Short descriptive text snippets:
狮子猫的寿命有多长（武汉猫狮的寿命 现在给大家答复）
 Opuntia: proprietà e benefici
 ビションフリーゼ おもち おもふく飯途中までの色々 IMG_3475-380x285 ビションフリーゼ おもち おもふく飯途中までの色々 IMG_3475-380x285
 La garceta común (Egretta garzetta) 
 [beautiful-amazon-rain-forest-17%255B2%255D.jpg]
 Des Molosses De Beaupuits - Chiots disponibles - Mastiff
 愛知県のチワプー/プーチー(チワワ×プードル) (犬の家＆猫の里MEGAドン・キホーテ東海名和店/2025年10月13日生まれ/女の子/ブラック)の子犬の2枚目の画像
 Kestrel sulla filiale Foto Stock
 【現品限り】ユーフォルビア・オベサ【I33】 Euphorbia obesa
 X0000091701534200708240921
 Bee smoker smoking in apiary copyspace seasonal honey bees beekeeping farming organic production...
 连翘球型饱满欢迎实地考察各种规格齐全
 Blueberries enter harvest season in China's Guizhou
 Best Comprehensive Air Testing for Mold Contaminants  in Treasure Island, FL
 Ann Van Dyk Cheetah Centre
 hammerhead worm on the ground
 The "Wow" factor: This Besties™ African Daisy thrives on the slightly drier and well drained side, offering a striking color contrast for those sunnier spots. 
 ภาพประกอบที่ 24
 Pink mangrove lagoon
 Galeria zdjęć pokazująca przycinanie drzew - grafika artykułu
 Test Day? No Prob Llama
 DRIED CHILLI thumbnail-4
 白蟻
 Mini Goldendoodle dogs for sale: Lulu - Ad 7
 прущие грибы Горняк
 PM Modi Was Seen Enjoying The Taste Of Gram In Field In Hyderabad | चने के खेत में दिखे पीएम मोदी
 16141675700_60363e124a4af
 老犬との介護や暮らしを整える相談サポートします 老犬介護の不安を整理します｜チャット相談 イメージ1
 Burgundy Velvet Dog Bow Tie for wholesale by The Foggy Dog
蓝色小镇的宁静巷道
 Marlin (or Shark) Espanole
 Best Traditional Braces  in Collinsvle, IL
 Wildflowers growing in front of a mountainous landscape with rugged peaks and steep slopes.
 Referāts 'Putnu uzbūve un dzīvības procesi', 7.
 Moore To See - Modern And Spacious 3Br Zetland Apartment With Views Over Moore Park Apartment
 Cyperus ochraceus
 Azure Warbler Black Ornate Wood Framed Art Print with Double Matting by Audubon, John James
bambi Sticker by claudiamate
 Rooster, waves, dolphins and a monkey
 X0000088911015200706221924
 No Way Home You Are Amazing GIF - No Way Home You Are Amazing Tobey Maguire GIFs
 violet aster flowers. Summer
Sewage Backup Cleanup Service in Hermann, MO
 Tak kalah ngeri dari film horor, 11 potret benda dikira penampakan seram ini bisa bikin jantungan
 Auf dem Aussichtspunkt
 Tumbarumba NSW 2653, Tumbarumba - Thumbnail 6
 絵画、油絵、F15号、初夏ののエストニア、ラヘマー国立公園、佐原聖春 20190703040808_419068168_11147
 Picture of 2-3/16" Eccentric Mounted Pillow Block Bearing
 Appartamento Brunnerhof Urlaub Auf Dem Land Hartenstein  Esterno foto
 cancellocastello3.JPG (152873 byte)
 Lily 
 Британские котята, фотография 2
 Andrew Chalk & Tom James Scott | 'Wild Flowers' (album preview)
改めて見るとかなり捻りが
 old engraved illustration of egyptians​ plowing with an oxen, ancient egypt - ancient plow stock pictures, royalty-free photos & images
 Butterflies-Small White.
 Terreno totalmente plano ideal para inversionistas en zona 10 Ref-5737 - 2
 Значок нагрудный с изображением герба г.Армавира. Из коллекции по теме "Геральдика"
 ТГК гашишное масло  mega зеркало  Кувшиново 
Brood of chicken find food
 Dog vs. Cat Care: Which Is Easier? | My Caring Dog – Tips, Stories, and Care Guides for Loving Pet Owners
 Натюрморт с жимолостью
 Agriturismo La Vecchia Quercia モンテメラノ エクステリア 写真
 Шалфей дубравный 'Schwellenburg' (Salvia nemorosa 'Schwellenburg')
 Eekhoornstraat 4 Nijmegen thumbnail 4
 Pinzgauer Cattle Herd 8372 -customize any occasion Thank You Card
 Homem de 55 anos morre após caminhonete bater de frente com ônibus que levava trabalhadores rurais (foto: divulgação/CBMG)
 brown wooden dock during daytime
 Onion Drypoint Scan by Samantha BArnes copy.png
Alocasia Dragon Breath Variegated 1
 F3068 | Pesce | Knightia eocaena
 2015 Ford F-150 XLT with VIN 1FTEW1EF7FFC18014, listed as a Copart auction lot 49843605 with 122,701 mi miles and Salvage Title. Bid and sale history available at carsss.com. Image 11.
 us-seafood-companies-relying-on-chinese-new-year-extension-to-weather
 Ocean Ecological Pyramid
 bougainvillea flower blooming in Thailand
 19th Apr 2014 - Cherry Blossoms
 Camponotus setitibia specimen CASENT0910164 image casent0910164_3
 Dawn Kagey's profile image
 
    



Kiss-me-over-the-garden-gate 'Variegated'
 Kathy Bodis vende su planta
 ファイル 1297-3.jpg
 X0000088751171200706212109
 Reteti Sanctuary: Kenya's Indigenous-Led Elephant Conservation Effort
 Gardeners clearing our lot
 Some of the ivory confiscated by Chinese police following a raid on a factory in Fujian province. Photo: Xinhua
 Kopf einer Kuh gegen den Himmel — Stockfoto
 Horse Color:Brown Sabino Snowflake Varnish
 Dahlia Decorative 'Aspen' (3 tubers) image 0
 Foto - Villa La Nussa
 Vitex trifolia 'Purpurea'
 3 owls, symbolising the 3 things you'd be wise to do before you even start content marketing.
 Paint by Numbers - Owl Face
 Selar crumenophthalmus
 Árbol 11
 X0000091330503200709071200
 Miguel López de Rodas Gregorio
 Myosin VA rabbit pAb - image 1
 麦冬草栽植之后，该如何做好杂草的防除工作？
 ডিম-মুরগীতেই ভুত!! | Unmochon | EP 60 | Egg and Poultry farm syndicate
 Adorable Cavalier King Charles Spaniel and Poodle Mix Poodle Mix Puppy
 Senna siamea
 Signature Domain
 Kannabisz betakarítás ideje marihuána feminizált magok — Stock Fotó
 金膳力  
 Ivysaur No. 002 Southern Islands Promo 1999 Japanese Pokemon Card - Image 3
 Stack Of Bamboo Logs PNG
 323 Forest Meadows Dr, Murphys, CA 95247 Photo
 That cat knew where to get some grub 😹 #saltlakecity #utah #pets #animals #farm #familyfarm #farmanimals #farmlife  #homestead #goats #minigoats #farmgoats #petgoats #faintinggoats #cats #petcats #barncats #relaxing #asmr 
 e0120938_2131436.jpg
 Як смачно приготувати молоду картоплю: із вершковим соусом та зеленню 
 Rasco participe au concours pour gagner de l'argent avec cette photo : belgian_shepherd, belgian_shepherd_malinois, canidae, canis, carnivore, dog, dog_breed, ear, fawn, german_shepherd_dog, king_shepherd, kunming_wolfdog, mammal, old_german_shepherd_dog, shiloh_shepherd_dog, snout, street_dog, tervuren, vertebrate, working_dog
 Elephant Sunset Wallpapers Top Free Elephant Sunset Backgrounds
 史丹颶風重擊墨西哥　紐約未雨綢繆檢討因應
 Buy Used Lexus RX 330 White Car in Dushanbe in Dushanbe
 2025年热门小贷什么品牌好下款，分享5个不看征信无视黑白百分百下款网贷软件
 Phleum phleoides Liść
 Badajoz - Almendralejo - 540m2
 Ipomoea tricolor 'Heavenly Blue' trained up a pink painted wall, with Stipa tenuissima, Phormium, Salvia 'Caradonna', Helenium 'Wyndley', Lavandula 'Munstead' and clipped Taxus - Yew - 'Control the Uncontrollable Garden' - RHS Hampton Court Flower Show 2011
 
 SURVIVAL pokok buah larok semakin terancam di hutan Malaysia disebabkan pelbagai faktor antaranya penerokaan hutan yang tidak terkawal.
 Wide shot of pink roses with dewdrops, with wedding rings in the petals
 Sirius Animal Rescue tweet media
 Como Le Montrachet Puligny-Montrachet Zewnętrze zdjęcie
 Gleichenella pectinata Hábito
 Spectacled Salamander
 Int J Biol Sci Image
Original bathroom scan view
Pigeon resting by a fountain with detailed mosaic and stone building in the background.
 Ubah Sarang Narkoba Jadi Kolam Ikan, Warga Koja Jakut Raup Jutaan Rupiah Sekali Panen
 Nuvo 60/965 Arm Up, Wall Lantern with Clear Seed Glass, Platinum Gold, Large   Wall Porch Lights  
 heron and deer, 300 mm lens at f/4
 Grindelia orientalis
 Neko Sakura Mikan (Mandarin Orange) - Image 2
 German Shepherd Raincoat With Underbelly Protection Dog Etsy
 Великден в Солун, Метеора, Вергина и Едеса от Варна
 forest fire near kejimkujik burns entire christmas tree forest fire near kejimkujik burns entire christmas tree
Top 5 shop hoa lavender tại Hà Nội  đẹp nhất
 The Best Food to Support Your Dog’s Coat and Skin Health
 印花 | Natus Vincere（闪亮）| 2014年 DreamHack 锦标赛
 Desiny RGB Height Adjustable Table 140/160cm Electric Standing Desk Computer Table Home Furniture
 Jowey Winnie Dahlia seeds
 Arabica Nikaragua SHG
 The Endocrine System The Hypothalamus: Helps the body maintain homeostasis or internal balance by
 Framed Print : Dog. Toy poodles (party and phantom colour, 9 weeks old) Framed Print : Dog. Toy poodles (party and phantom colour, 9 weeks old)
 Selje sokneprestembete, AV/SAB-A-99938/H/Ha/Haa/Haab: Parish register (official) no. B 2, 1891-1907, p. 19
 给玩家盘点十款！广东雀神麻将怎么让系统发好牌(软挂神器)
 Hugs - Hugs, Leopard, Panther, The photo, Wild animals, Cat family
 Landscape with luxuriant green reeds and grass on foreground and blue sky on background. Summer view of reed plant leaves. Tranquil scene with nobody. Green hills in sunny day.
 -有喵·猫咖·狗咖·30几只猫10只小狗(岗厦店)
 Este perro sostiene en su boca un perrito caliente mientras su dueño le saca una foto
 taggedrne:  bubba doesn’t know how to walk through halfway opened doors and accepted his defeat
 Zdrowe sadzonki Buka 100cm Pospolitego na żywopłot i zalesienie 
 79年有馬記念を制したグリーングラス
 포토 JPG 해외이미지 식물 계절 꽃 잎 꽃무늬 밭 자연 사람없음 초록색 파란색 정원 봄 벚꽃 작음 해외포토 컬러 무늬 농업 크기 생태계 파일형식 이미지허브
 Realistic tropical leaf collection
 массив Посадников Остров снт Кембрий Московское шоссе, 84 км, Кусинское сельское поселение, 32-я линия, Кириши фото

What you will do: Pick out the lines above containing the word "White", then copy them.

Exercise result:
 Butterflies-Small White.
 Buy Used Lexus RX 330 White Car in Dushanbe in Dushanbe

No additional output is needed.